- _Description of the task_
Only the lines below starting at the one that contains "Hộp giấy chữ" and ending at the one that contains "Brushless RC Racing" are to be reproduced, exactly and with both ends kept.

- _Listed entries_
____
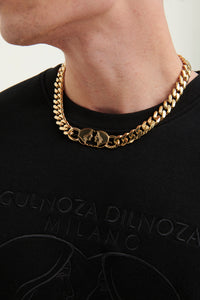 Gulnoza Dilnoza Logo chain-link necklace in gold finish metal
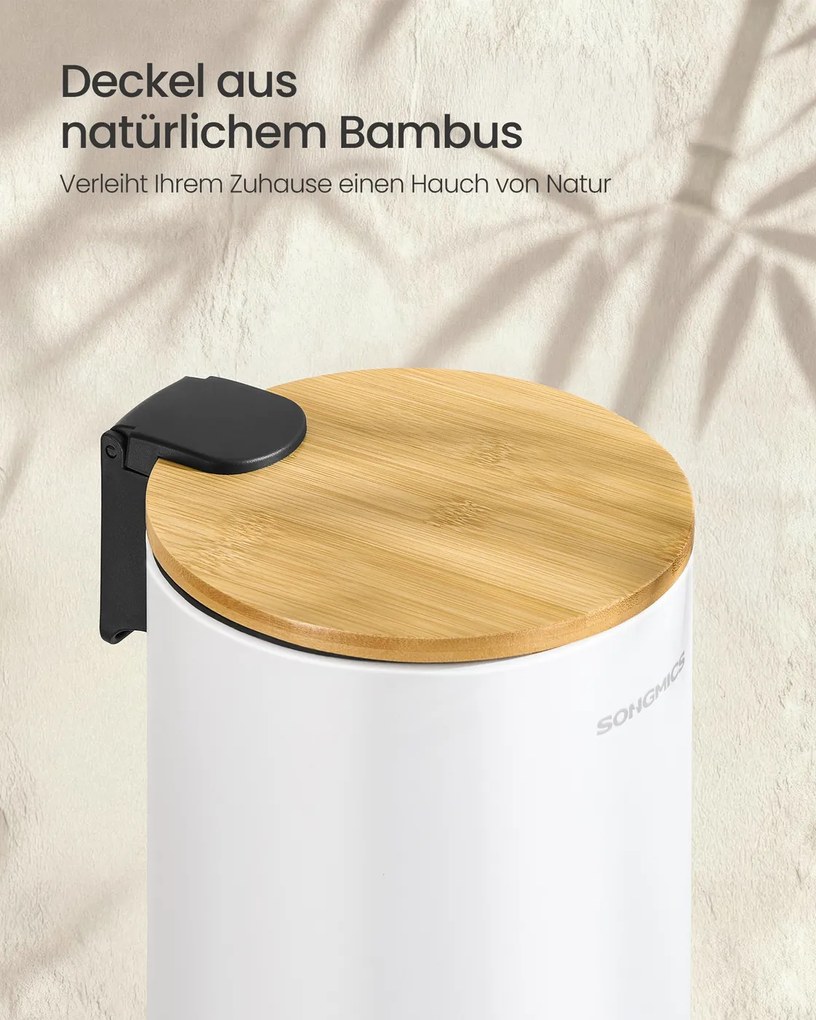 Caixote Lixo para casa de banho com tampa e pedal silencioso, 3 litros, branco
____
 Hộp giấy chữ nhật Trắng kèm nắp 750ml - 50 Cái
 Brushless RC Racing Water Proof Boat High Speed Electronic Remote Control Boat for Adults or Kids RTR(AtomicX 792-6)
____
- _Exercise response_
 Hộp giấy chữ nhật Trắng kèm nắp 750ml - 50 Cái
 Brushless RC Racing Water Proof Boat High Speed Electronic Remote Control Boat for Adults or Kids RTR(AtomicX 792-6)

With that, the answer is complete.